South Tyrol hosts one national park and seven nature parks – and with the Fanes-Sennes-Prags, Puez-Geisler and Rieserferner-Ahrn Nature Parks, no less than 3 of these unique nature reserves surround the Kronplatz! Picture it: crystal-clear mountain lakes, the majestic peaks and rock faces of the Dolomites, fresh green alpine meadows and all around you... nothing but silence! This is where you can appreciate nature and its melodies. Listen to the lively singing of the birds, the gentle sounds of the spring water or get lost in the sounds of roaring waterfalls. Numerous hiking trails take you deeper and deeper into the heart of these diverse nature reserves and invite you to experience their species-rich flora and fauna up close. And if you want to learn more about their wildlife and vegetation, you are welcome to spend some time at the park’s visitor centres.
This is without any doubt one of the most beautiful nature parks within the Dolomites UNESCO World Heritage! Fairytale-like, almost unreal. This may be the best way to describe the third largest nature park in South Tyrol. In the heart of the Dolomites of Prags/Braies and the Fanes mountain range, the 26,000-hectare reserve astonishes with towering peaks such as those of the Lavarella-Conturines mountain chain, with the steep rock faces of the mountain called Seekofel or even with alpine pastures and karstic plateaus as well as vast spruce forests. Some of its most beautiful spots are pastures like the Fanes Alm or Plätzwiese/Prato Piazza as well as the famous Toblacher See lake or the renowned emerald-green Pragser Wildsee lake. You may even catch a glimpse of some of its wild locals: indeed the nature park is home to deer, eagles, marmots and rare plant species such as the lady’s slipper orchid. Besides, the visitor centre of St.
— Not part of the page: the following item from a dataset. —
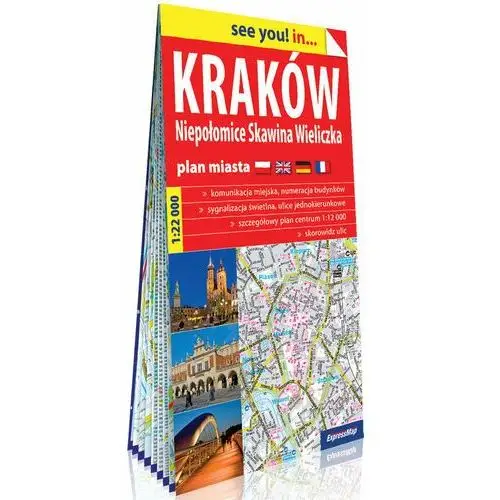 Kraków, Niepołomice, Skawina, Wieliczka. Plan miasta 1:22 000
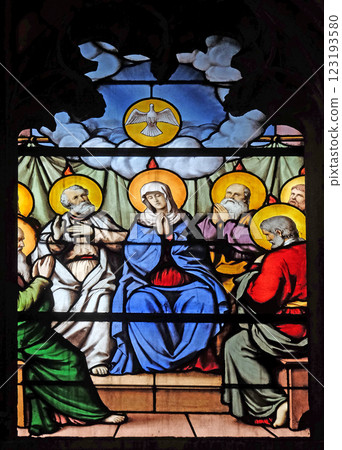 Descent of the Holy Spirit, stained glass window in Saint Severin church in Paris, France 123193580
Vigil in Enneberg/San Vigilio di Marebbe explains more about the origins of the Dolomites and Ladin legends.
This beautiful nature park is also known as the “history book of the earth”. Idyllic blooming meadows, dense coniferous forests, karstic alpine plateaus and rugged mountain backdrops characterise the landscape of the 10,722-hectare nature reserve. Each step takes you deeper into the captivating alpine world of the Dolomites UNESCO World Heritage, which provides a habitat for eagle owls and chamois as well as plants such as the alpine rose, wild orchid and the gymnadenia nigra. Take a deep breath of fresh mountain air and enjoy the peace and quiet that accompanies you all along your tours. You will always be surrounded by stunning views of the Geisler mountain chain, the mountains called Peitlerkofel, Puezkofel, Sassongher and the Cir peaks. And if you want to learn more about this area, you can stop by the visitor centre of St. Magdalena near Villnöss/Funes, which can tell you more about the 600 million year old history of this impressive world.
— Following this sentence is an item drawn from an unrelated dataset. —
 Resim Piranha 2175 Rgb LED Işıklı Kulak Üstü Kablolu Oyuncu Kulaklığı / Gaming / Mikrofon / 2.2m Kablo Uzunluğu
With its spectacular 38 three-thousanders, the Rieserferner-Ahrn Nature Park is the most glacier-rich nature reserve in South Tyrol! Alongside imposing peaks such as those called Hochgall or Dreiherrenspitze, the focus is on one thing in particular: water. Besides its remarkable glacier giants, the 31,320-hectare nature park repeatedly offers enchanting encounters with its water worlds: Rushing rivers, roaring waterfalls like the Klammbach waterfall and the third largest natural lake in South Tyrol, the Antholzer See lake. Together with the Austrian Hohe Tauern and Zillertal Alps National Parks, it also forms the largest nature conservancy network in Central Europe. Visit the Riserferner-Ahrn visitor centre to learn more about this mountain landscape and discover its secrets. Did you know that the largest Swiss stone pine tree population of the Eastern Alps is located here? Or that this area is a habitat to animal species such as the mountain hare, rock ptarmigan or rare flowers like the Androsace alpina?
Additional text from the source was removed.